# Long-term bareboat charter? Private owner?



## SansaBoat (Feb 23, 2010)

Maybe a longshot, but I'm considering taking a sabbatical from work - maybe 4 to 6 weeks.  

One idea would be to take the whole family "cruising" during this time. Maybe...

East Coast
Southern CA
San Juans
Door County / Lake Michigan
Florida

Anyway, we have 3 kids. I figure a 38 is the smallest boat we could go and maybe up towards a 45 on the high end.

So... in looking at charter companies, I'd be looking at $10,000 to $15,000 for a month's rental!  

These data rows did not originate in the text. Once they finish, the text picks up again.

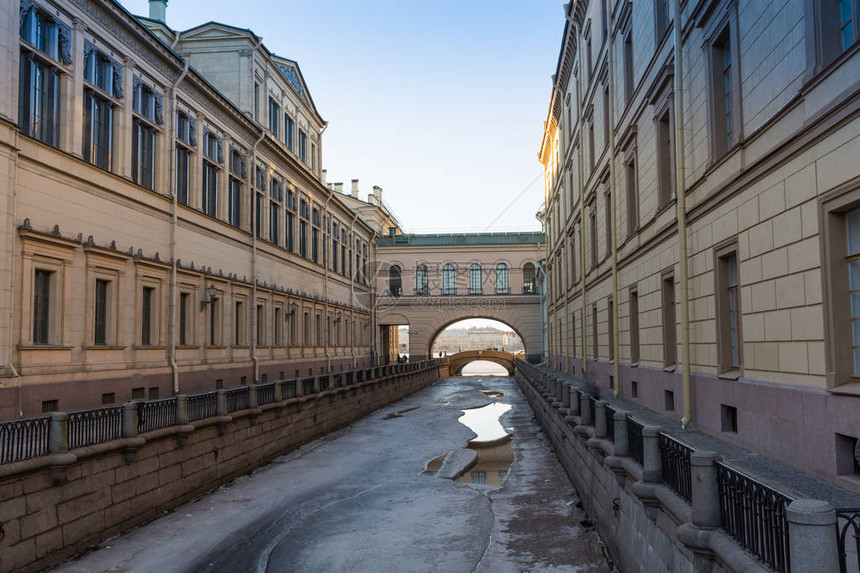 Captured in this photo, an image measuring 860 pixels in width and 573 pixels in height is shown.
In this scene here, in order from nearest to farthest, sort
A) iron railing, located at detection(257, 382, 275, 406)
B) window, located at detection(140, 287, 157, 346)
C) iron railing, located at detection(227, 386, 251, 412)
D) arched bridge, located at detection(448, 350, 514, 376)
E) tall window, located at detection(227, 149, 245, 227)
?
iron railing, located at detection(227, 386, 251, 412)
window, located at detection(140, 287, 157, 346)
iron railing, located at detection(257, 382, 275, 406)
tall window, located at detection(227, 149, 245, 227)
arched bridge, located at detection(448, 350, 514, 376)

Can't do that. Too expensive. 

Any ideas on other options? I thought maybe a private owner would consider a long-term rental in one of these locations.


----------



## sailingdog (Mar 19, 2006)

Most owners won't consider it, since it would require them to have commercial insurance on their boat... and that's pretty pricey. It would also require most of them to have a USCG captain's license.


----------



## sevent (Jun 18, 2009)

This response may be too late for this season, but: you should be able to get a better deal than the posted prices on charter websites. I have negotiated with them even for weekends and weeks. But ideally, you need to get in touch with an owner who already charters (so he is used to other people using the boat and already has insurance) and work something out with them. You may find them by doing internet searches on the boat name along with the make and model. I have found owners this way - as many have posted pictures, or cruise blogs or even youtube videos - you may be able to email them from there. Lastly, if you are not successful getting in touch directly, you can ask the charter company to ask owners if they'd be interested in a long term rental. Even if the charter company takes a cut it may still work out to be cheaper. If you are interested in the Chesapeake, try Let's Go Cruising (www.letsgocruising.com). Good luck.


----------